■ **WHAT THE TASK ASKS**
Return the lines below exactly, please, from the one containing "YPG'li teröristler Tel" through the last one, both included, and leave out any pictures.

★ ★ ★

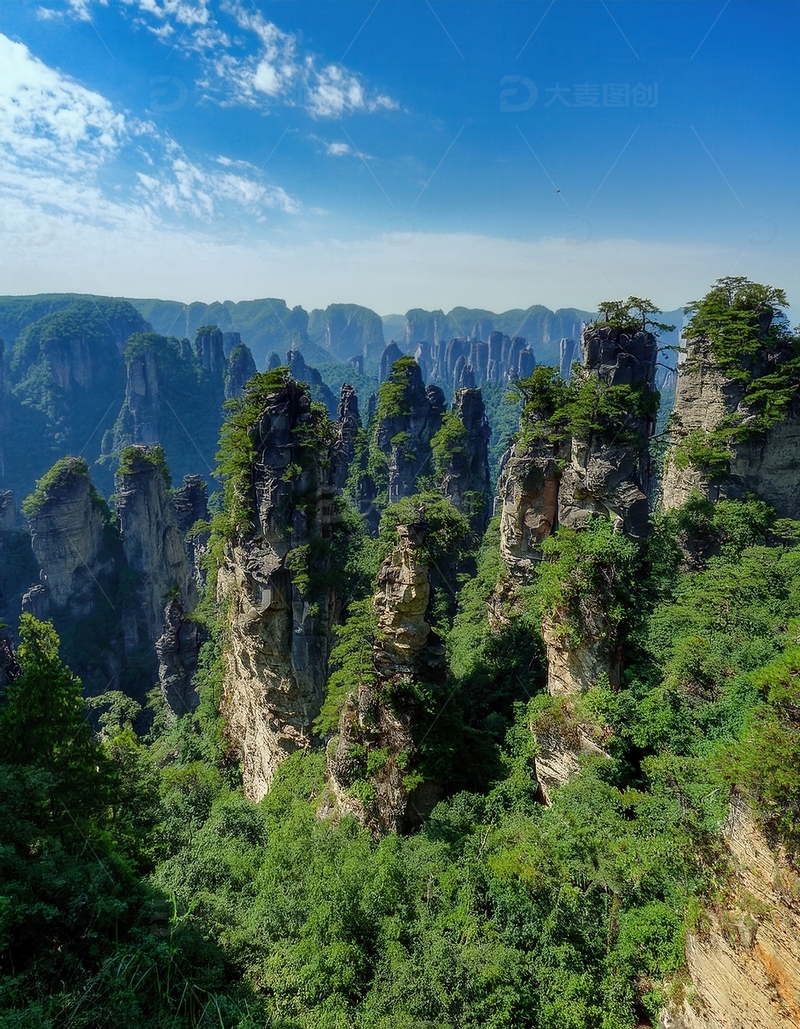 高清大图下载【趣麦麦图】张家界蓝天下的葱郁奇峰景观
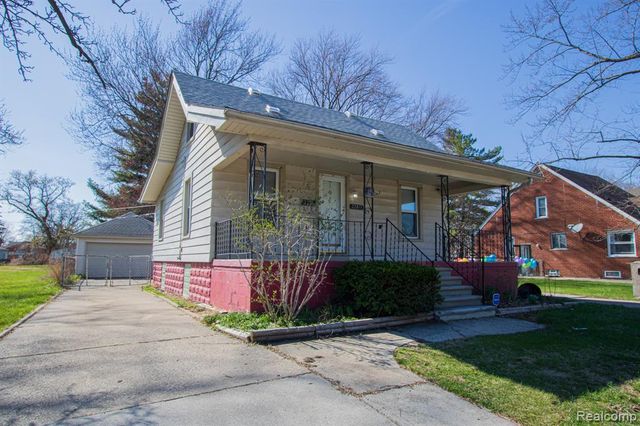 22871 Hayes Avenue, Eastpointe, MI 48021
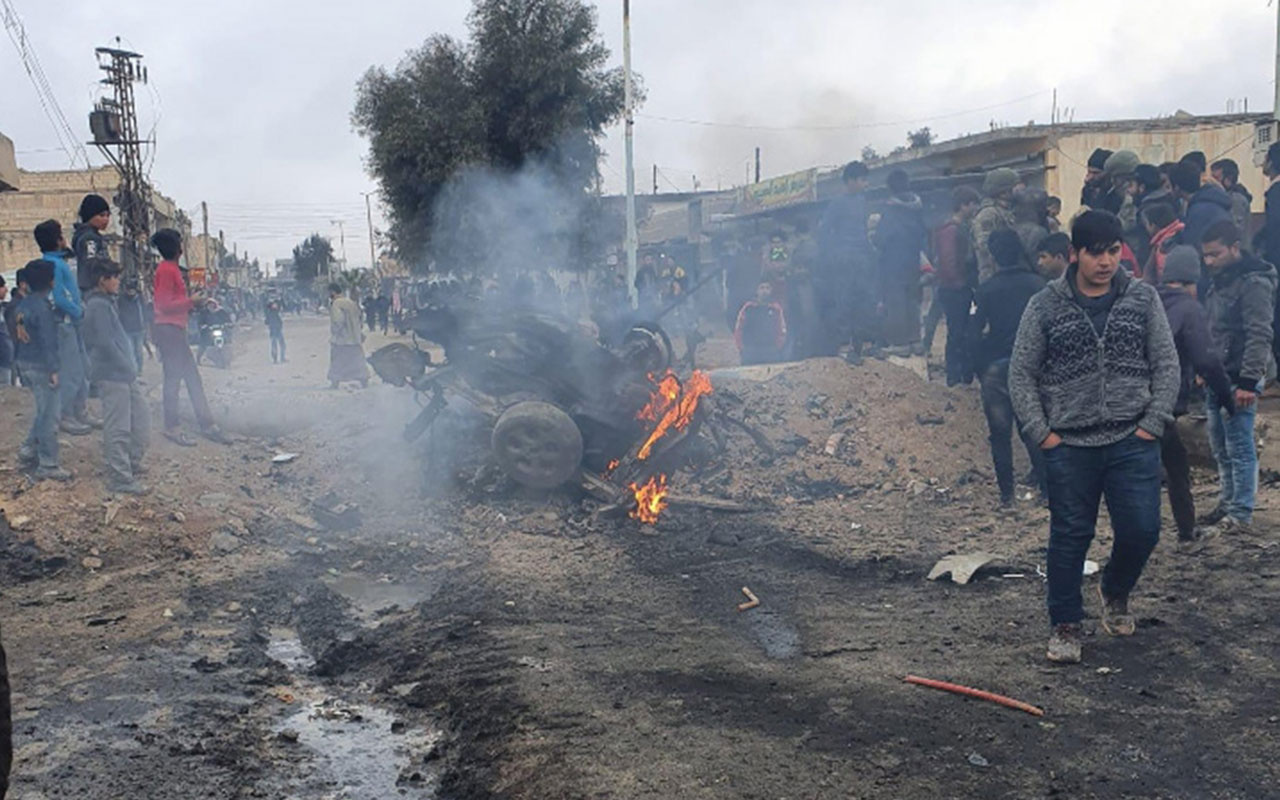 YPG'li teröristler Tel Abyad'da bombalı araç patlattı
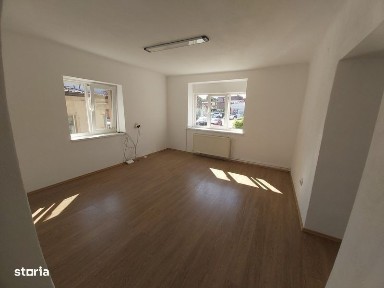 Inchiriez spatiu la casă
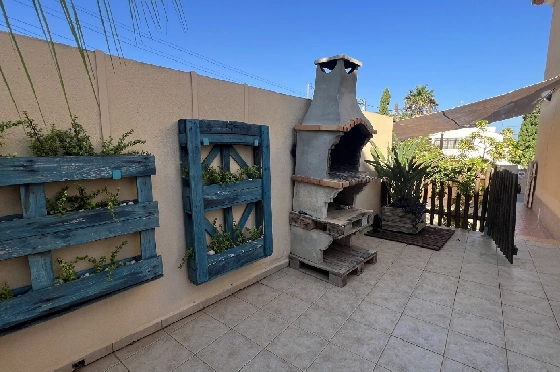 Reihenhaus in Denia zu vermieten, Woongedeelte 130 m², Zustand gepflegt, + KLIMA, Klimaanlage, Grondstuk 160 m², 4 Slaapkamers, 3 Badkamers, Pool, ref.: D-0223-24
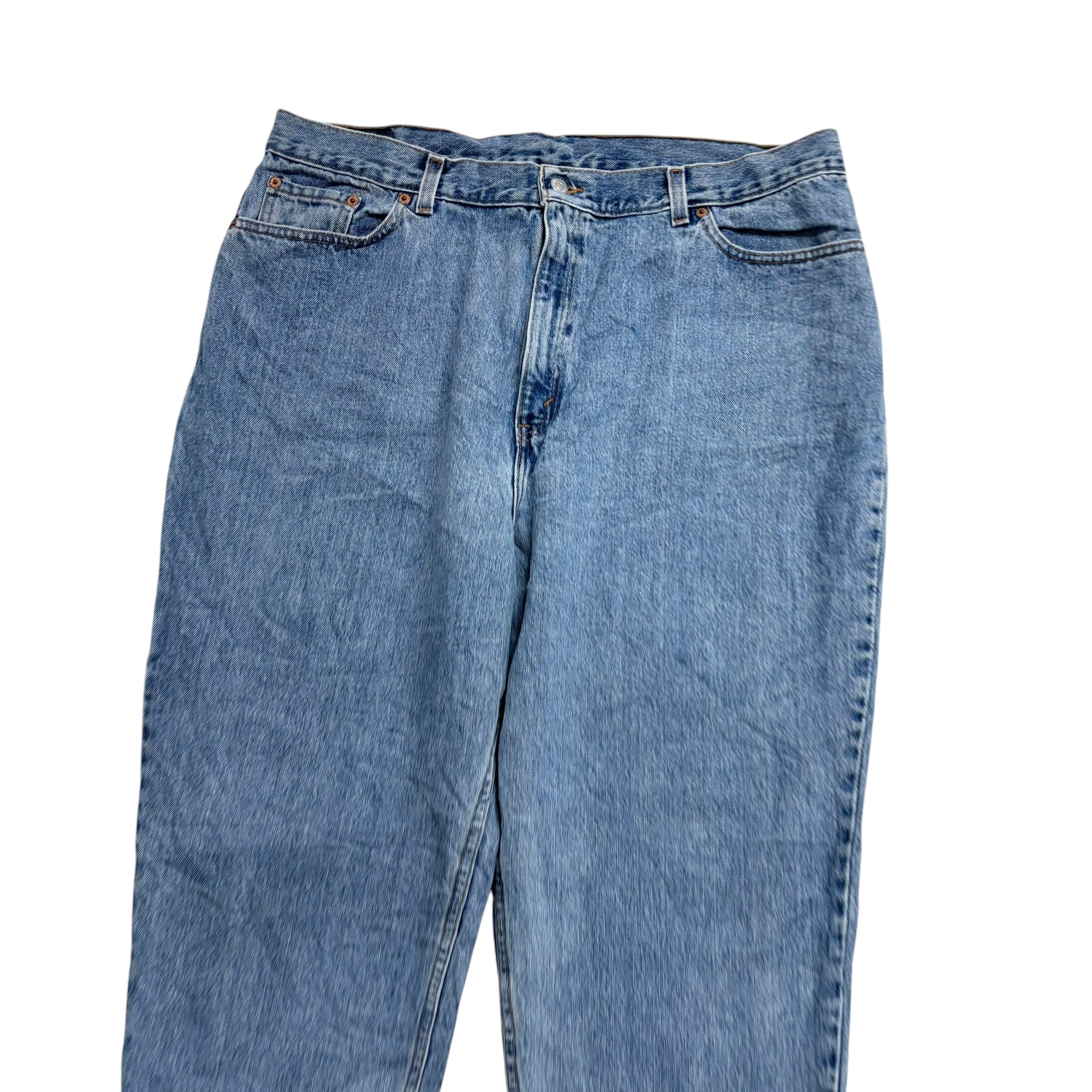 Levis 550 Jeans W38 L29 Womens Light Blue Relaxed Taper Made In USA Vintage (E)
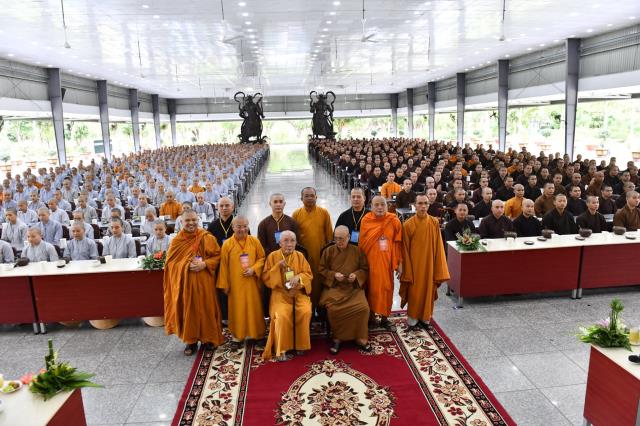 HT. Thích Tịnh Hạnh và HT. Thích Thiện Tánh thăm hội đồng thi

★ ★ ★

■ **FINISHED EXERCISE**
 YPG'li teröristler Tel Abyad'da bombalı araç patlattı
 Inchiriez spatiu la casă
 Reihenhaus in Denia zu vermieten, Woongedeelte 130 m², Zustand gepflegt, + KLIMA, Klimaanlage, Grondstuk 160 m², 4 Slaapkamers, 3 Badkamers, Pool, ref.: D-0223-24
 Levis 550 Jeans W38 L29 Womens Light Blue Relaxed Taper Made In USA Vintage (E)
 HT. Thích Tịnh Hạnh và HT. Thích Thiện Tánh thăm hội đồng thi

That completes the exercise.